Self-distillation significantly outperforms the baseline without distillation (+4% mAP), without requiring an additionally pre-trained teacher model.
Foreground segmentation is extremely critical for improving the performance of the teacher branch (+11.6% mAP), validating the necessity of foreground-only distillation.
Point cloud intensification mainly boosts the detection capability for distant or sparse objects.
Compelling performance is achieved with only 2 frames, competing with or even surpassing approaches using 4-8 frames.

Highlights & Insights¶

Self-distillation vs. Cross-modal Distillation: By sharing the image feature source between the teacher and the student, the most troublesome distribution discrepancy issue in cross-modal distillation is elegantly evaded.
Complementarity of Soft and Hard Labels: The soft labels from the student fill in the sparse vacancies of the teacher's hard labels, establishing a beneficial synergistic growth mechanism.
Distillation with No Extra Parameters: The BEV Encoder naturally acts as an adaptation module, and L2 loss is sufficient to achieve effective distillation.
Novel Pseudo Point Assignment: Assigning pseudo points to objects without point cloud coverage presents a practical solution for point cloud data augmentation.

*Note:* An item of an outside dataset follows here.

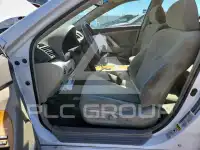 2007 Toyota CAMRY фото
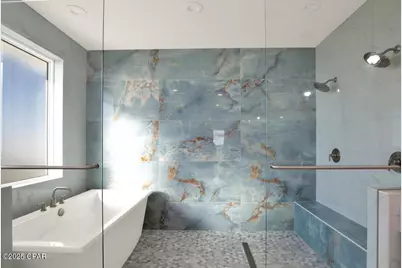 13401 Oleander Drive, Panama City Beach, FL 32407 - Photo 47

Limitations & Future Work¶

Still relies on LiDAR point clouds to provide depth GT and foreground segmentation GT; although not required during inference, they are necessary during training.
Pseudo point assignment employs heuristic rules (box center + minimum corner depth); more precise position estimation could yield further improvements.
Only utilizes 1 history frame, failing to fully exploit temporal information.
The elliptical Gaussian heatmap label of MSFE is still a coarse approximation; actual foreground shapes can be more complex.

SA-BEV: The direct baseline of FSD-BEV, which provides the SA-BEVPool method for foreground BEV generation.
BEVDistill / UniDistill / DistillBEV: Representatives of cross-modal distillation methods, facing distribution discrepancy challenges.
StreamPETR: A strong attention-based baseline that uses more historical frames.
The self-distillation concept can be generalized to other BEV tasks requiring knowledge distillation.

Rating¶

Novelty: 4/5 - The self-distillation framework is cleverly designed, with the soft-hard label complementarity being a highlight.
Experimental Thoroughness: 4/5 - Sufficient ablation experiments and validation on multi-scale backbones.
Writing Quality: 4/5 - Clear motivation and detailed methodology description.
Value: 4/5 - No additional computational cost during inference, and no extra pre-training required during training.